• [WHAT NEEDS TO BE DONE] Copy out exactly the lines from the one containing "Kumsalda küçük sevimli" to the last line of the records below, both included, and leave out any pictures.

** AVAILABLE RECORDS follows **

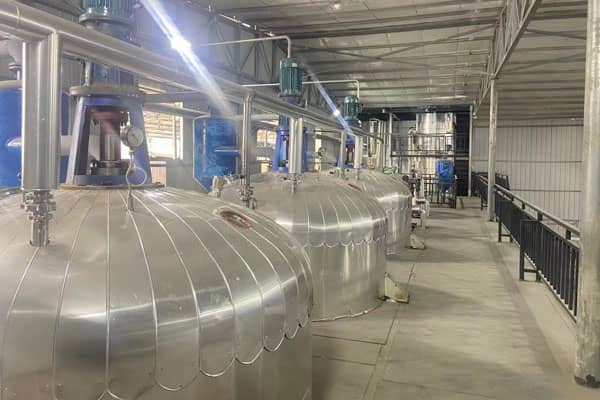 工廠設(shè)備保溫.jpg 工廠設(shè)備保溫.jpg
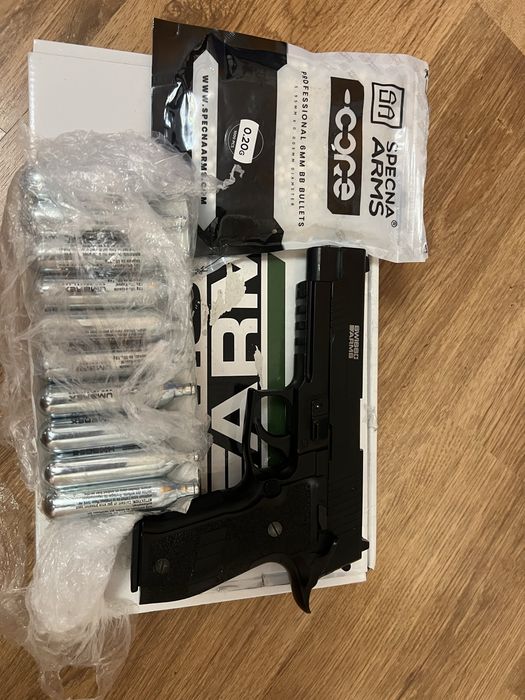 Pistol airsoft CO2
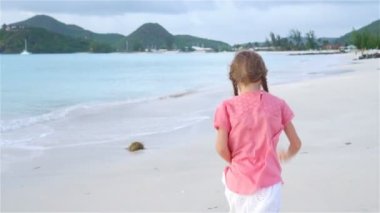 Kumsalda küçük sevimli bir kız Karayip adasında eğleniyor. Yavaşlama Hareketi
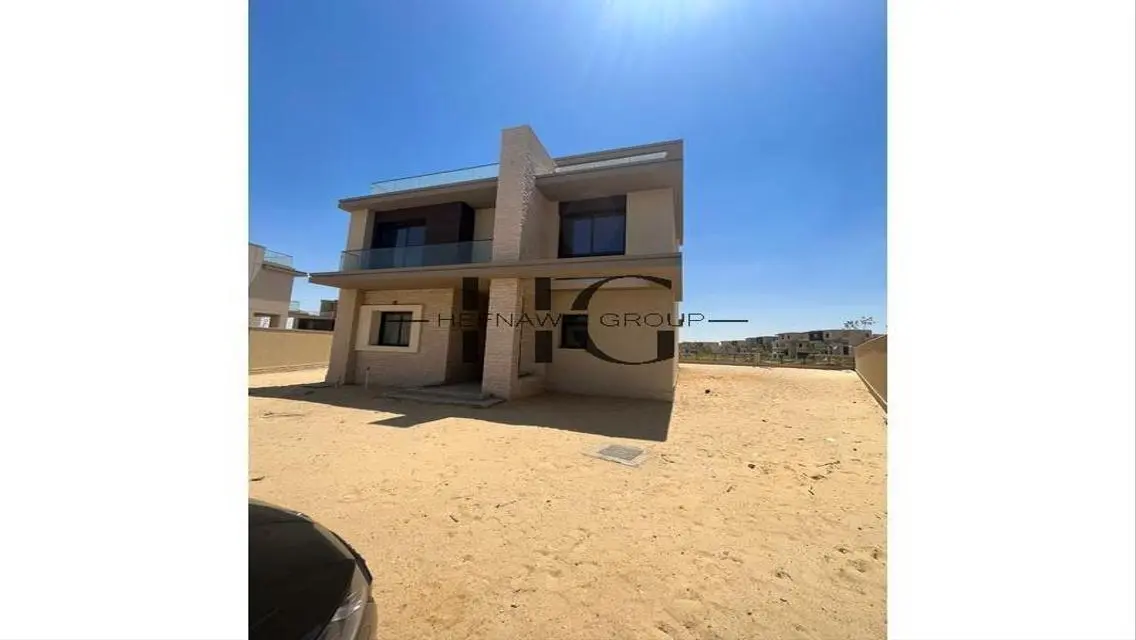 Luxury Apartment with Private Garden and Great Amenities for Sale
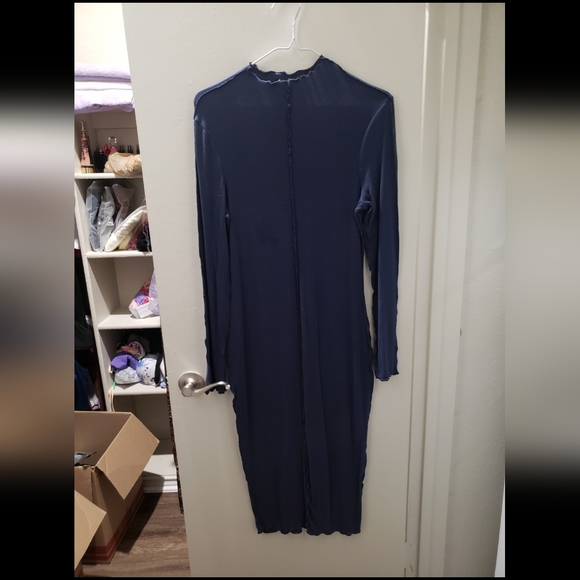 🟥Large Navy Blue Long Sleeve Midi - Picture 3 of 5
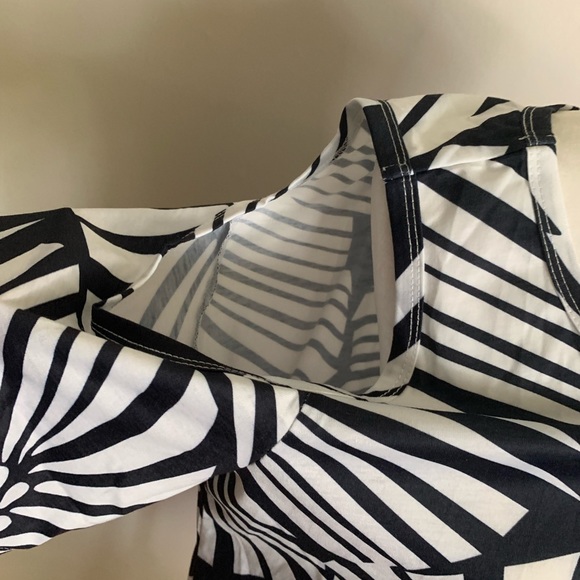 Cold shoulder tunic blouse black and white print - Picture 2 of 2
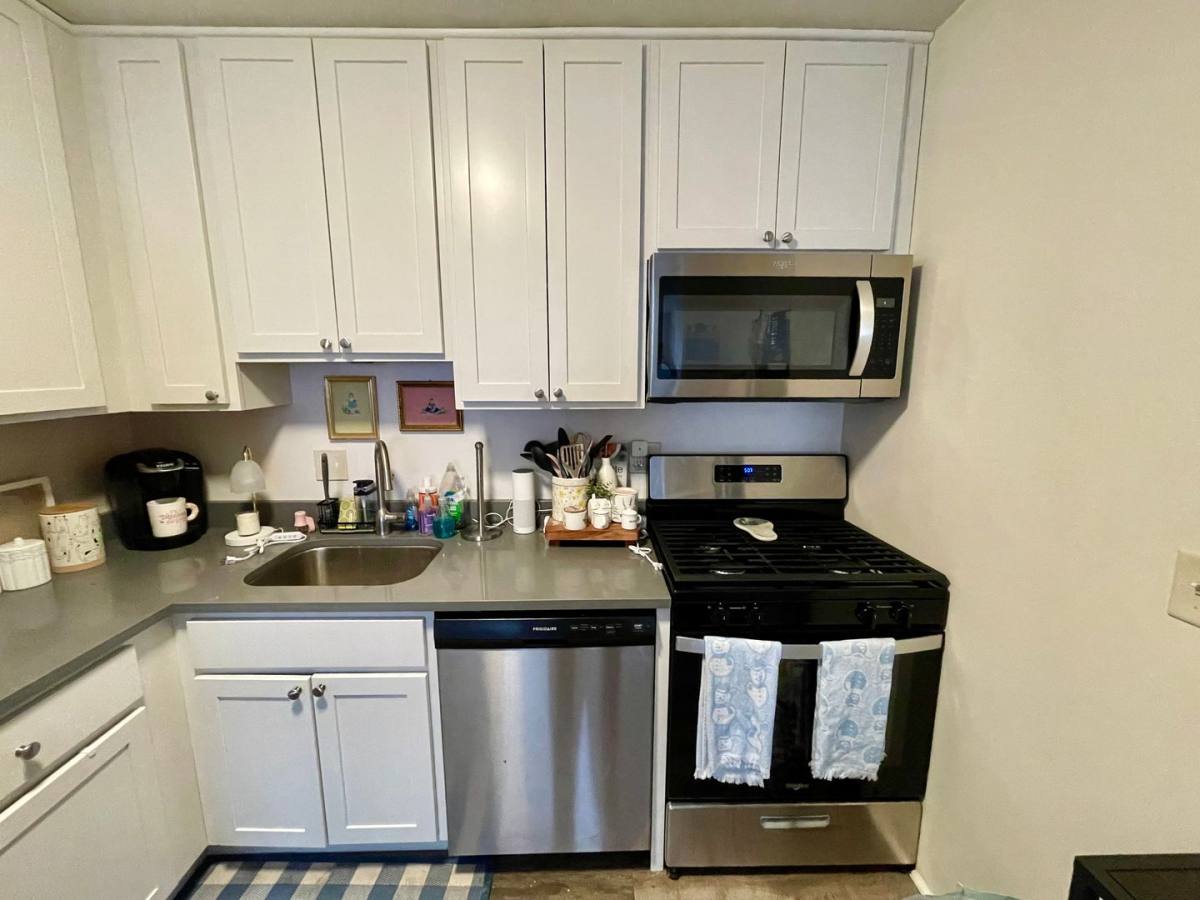 Apartment for rent at 2555 N Farwell Ave, Milwaukee, WI 53211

** End of AVAILABLE RECORDS **

• [TASK OUTPUT]
 Kumsalda küçük sevimli bir kız Karayip adasında eğleniyor. Yavaşlama Hareketi
 Luxury Apartment with Private Garden and Great Amenities for Sale
 🟥Large Navy Blue Long Sleeve Midi - Picture 3 of 5
 Cold shoulder tunic blouse black and white print - Picture 2 of 2
 Apartment for rent at 2555 N Farwell Ave, Milwaukee, WI 53211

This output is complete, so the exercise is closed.